* _Work instruction_
Transcribe the listing verbatim, please, with images dropped.

* _Provided material_
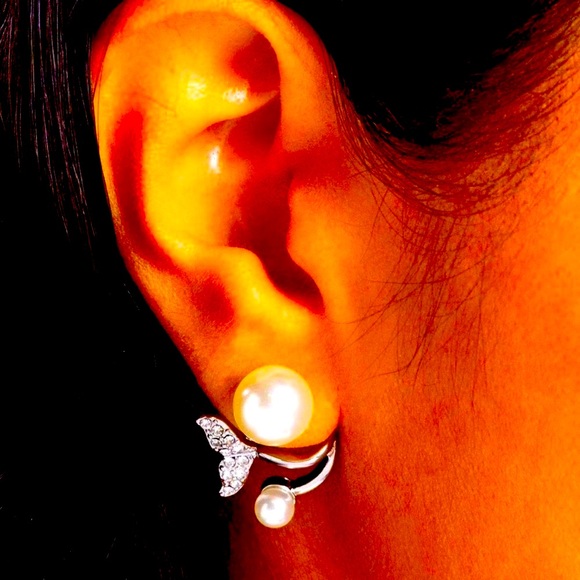 🧜🏻♀️⚪️🧜🏼♂️MY MERMAID❗️PAPARAZZI “MODULAR MERMAID” WHITE POST EARRINGS❗️ - Picture 2 of 4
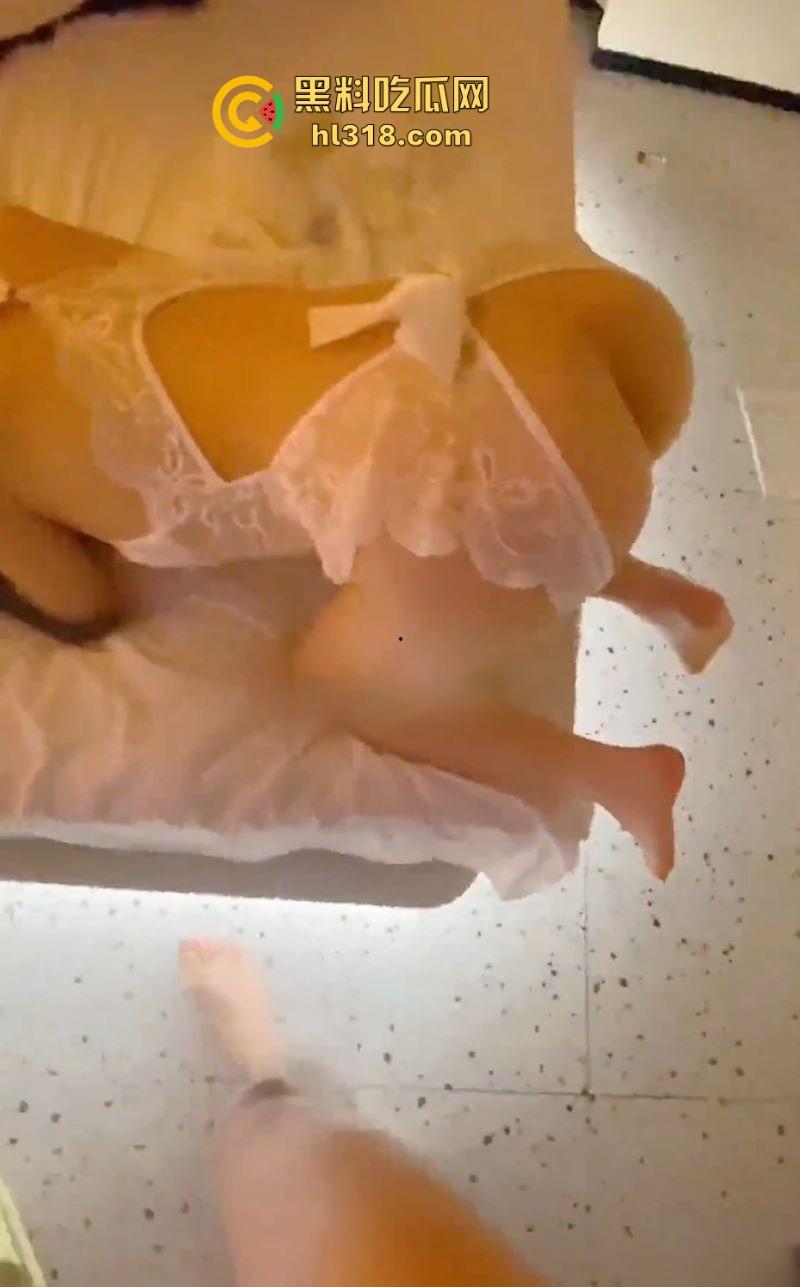 海角乱伦,侄女白丝新战衣挑逗勾引，肛塞调教情无套后入各种爆操打桩，对白极度淫荡！-6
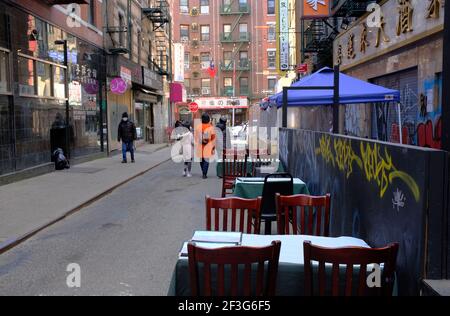 Posti a sedere all'aperto in Pell Street a Manhattan Chinatown.New York City.USA Foto Stock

* _Task solution_
 🧜🏻♀️⚪️🧜🏼♂️MY MERMAID❗️PAPARAZZI “MODULAR MERMAID” WHITE POST EARRINGS❗️ - Picture 2 of 4
 海角乱伦,侄女白丝新战衣挑逗勾引，肛塞调教情无套后入各种爆操打桩，对白极度淫荡！-6
 Posti a sedere all'aperto in Pell Street a Manhattan Chinatown.New York City.USA Foto Stock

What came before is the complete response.